### STORED DATA
--- START ---
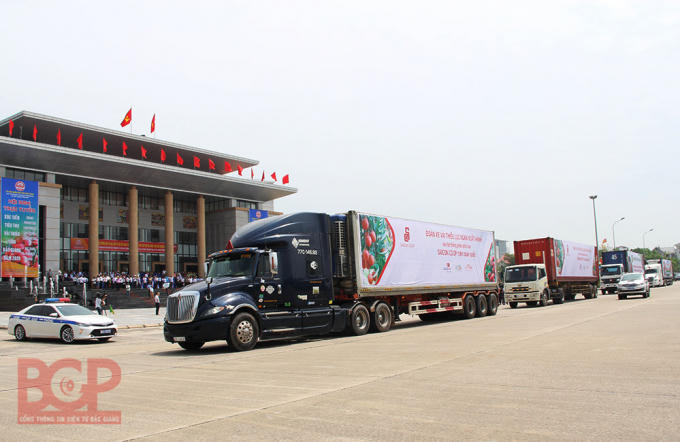 1591424219690_xuathanh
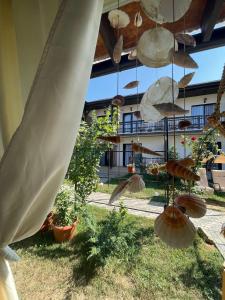 a group of mushrooms are hanging from a building at CASA SMARALD in Costinesti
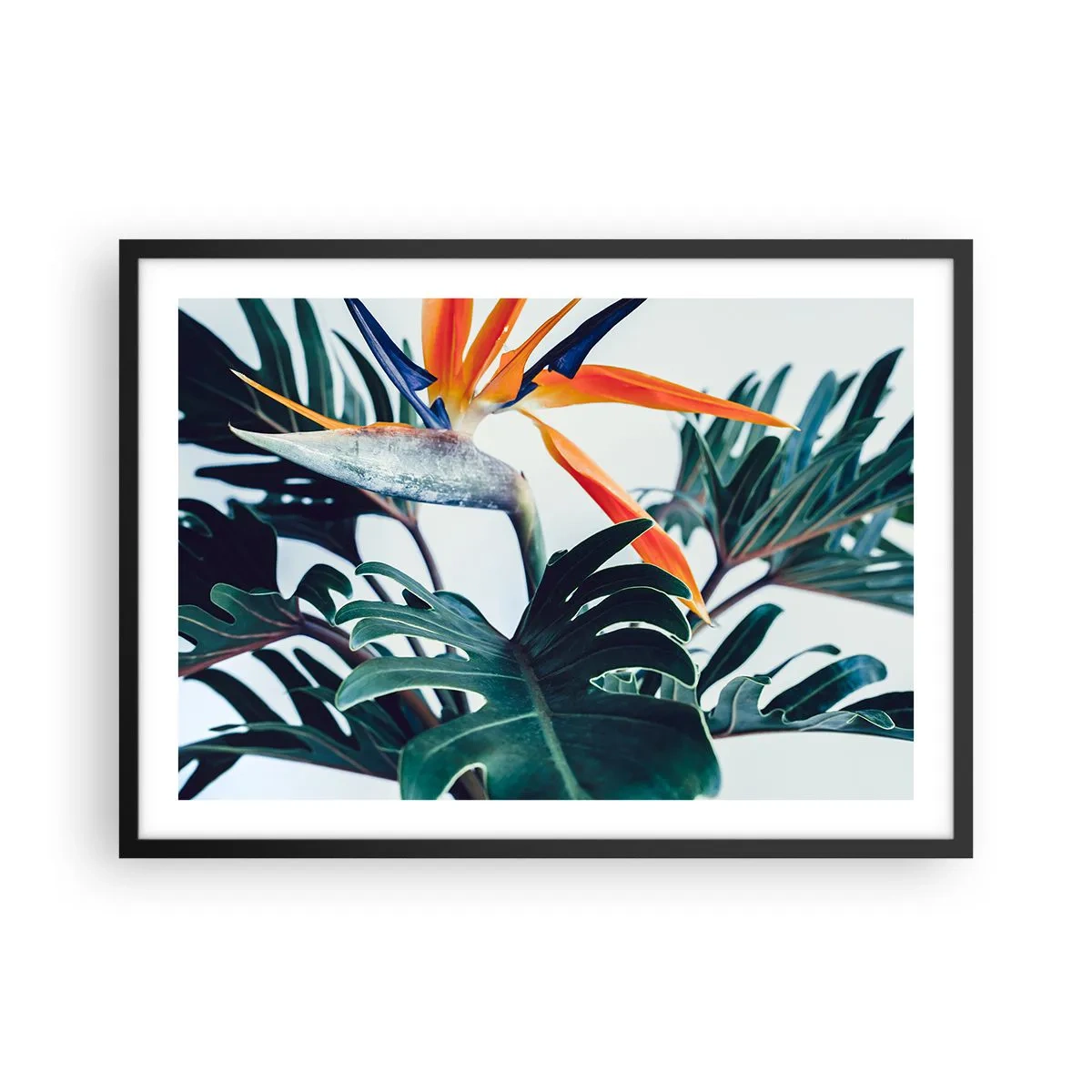 Poster in black frame - Birdy Bush - 70x50 cm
--- END ---
### WHAT IS BEING ASKED
Would you restate the listing word for word and leave every picture out?

### EXERCISE RESULT
 1591424219690_xuathanh
 a group of mushrooms are hanging from a building at CASA SMARALD in Costinesti
 Poster in black frame - Birdy Bush - 70x50 cm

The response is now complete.